Wednesday, April 28, 2010

A possible preview of our future

A financial blog on the UK Guardian website is making live reports of Greece's financial crisis. This morning the yield on 2-year Greek bonds briefly spiked at 38% before settling down to 16% in the afternoon.

Bond yields increase when bond prices fall, so Greece's high yields are simply an expression of a severe drop in demand for them. Investors now fear that Greece won't be able to afford the interest payments to all of its bondholders - i.e., that it will default on its debt - so it takes a much higher interest rate (16% to 38% instead of the earlier 1% to 5%) to convince someone to take the risk of owning a Greek bond.

These higher bond yields spell doom for the budget of the Greek government, because they represent the interest rates that Greece will have to pay in order to borrow any new money through the sale of bonds.

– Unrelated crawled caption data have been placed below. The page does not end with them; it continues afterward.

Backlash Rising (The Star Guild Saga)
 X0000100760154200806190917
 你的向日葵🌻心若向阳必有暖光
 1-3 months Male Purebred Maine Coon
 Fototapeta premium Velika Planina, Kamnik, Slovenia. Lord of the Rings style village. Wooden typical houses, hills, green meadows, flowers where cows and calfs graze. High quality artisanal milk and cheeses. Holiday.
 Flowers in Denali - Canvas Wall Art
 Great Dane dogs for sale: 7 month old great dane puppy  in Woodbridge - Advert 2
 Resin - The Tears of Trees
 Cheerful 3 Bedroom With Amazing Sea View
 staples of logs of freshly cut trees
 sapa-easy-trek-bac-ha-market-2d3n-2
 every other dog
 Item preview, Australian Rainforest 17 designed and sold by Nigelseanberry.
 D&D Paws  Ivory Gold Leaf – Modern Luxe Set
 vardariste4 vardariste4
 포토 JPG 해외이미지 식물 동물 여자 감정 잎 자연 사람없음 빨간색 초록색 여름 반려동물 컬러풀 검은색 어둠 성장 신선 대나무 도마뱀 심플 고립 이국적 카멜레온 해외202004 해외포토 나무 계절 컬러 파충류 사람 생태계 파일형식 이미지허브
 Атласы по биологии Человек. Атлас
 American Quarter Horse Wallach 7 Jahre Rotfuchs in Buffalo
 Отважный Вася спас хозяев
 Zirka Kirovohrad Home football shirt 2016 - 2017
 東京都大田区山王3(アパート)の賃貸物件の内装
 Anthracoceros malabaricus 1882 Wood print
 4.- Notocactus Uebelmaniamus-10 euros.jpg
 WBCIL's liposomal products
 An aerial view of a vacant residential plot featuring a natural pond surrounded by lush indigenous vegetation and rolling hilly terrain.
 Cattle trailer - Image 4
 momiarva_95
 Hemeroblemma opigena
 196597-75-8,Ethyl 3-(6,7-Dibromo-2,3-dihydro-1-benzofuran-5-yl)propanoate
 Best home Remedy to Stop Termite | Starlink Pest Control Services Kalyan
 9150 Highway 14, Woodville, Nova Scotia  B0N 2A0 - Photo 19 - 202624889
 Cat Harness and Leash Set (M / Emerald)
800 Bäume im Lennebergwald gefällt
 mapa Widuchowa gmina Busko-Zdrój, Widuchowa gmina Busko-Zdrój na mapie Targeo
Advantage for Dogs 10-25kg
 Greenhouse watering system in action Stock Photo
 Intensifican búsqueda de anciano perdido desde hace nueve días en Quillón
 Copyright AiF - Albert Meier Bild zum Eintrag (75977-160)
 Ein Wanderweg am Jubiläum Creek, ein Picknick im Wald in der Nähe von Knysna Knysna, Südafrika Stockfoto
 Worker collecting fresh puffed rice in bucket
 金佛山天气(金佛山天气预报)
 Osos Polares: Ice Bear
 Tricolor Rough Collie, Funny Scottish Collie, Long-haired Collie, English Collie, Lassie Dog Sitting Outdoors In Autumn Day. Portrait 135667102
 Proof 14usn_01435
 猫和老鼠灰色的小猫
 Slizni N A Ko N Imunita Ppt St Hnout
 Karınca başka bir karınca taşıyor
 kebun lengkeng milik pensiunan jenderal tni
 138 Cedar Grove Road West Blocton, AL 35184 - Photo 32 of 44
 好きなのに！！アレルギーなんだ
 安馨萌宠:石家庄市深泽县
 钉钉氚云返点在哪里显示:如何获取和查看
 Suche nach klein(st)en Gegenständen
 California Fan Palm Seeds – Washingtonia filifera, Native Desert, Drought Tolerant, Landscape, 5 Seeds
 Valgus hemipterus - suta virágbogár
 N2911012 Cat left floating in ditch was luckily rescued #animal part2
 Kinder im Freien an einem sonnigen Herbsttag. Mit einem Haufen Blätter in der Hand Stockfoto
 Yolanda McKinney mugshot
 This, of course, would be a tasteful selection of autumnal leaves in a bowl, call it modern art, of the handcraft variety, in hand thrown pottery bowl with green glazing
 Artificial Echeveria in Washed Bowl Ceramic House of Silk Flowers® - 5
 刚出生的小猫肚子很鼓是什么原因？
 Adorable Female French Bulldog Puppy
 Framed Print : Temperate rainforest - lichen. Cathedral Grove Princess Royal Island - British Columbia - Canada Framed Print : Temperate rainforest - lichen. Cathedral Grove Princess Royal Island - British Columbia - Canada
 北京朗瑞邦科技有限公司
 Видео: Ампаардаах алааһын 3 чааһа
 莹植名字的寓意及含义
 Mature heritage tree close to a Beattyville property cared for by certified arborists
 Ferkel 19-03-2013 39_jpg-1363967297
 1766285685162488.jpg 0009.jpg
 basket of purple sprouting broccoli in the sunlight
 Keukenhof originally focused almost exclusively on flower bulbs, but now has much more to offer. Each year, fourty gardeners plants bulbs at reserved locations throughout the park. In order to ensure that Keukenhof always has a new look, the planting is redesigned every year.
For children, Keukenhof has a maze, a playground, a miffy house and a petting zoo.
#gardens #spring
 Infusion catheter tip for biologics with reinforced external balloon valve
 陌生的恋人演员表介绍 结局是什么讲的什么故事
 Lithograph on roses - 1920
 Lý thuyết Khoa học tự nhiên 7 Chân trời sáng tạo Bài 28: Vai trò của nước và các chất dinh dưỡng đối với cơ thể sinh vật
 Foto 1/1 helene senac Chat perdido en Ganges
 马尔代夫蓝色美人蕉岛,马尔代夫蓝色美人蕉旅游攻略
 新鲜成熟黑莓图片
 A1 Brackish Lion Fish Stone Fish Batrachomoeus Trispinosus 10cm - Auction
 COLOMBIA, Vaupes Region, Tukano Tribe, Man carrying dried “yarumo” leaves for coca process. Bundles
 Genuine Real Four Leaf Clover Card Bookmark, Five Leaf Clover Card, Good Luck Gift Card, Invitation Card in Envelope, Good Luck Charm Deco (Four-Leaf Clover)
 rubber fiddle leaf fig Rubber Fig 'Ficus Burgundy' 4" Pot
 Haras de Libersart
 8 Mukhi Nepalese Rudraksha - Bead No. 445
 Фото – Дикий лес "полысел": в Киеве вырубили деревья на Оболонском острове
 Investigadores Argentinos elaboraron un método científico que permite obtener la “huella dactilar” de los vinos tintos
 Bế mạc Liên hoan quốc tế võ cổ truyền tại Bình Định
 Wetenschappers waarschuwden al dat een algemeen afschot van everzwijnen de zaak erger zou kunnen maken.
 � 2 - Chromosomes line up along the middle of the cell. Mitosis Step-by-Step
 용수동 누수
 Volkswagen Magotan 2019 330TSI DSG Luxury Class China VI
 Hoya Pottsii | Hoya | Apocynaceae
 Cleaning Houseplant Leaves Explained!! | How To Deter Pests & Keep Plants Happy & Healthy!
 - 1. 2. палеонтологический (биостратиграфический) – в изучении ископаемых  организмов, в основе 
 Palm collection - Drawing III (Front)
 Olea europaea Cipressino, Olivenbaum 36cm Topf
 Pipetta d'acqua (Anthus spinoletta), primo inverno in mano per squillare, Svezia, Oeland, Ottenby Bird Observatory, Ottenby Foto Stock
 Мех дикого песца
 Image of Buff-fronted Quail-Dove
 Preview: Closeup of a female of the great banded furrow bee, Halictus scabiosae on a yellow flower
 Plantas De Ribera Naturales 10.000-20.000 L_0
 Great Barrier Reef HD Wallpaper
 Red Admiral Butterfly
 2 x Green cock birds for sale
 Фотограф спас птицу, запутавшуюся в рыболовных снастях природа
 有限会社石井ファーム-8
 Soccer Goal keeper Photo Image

It's not difficult to picture a death spiral here, where interest rates go up, making it more difficult for the Greek government to pay off its older debt by issuing new debt, which reduces investor confidence in Greek bonds, which causes the bond yields to rise even higher ...

This is one possible outcome for the U.S. and every other indebted industrialized nation if we continue to borrow our way to financial oblivion. It will be bad enough when Social Security, Medicare, Medicaid, etc. suddenly stop making payments as our government runs out of money, but thanks to the Obamacare monstrosity, our entire health care system will soon rely on bond sales too. God help us all.

1 comment:

Cathy said...

To your final statement may I respond with a sincere - Amen.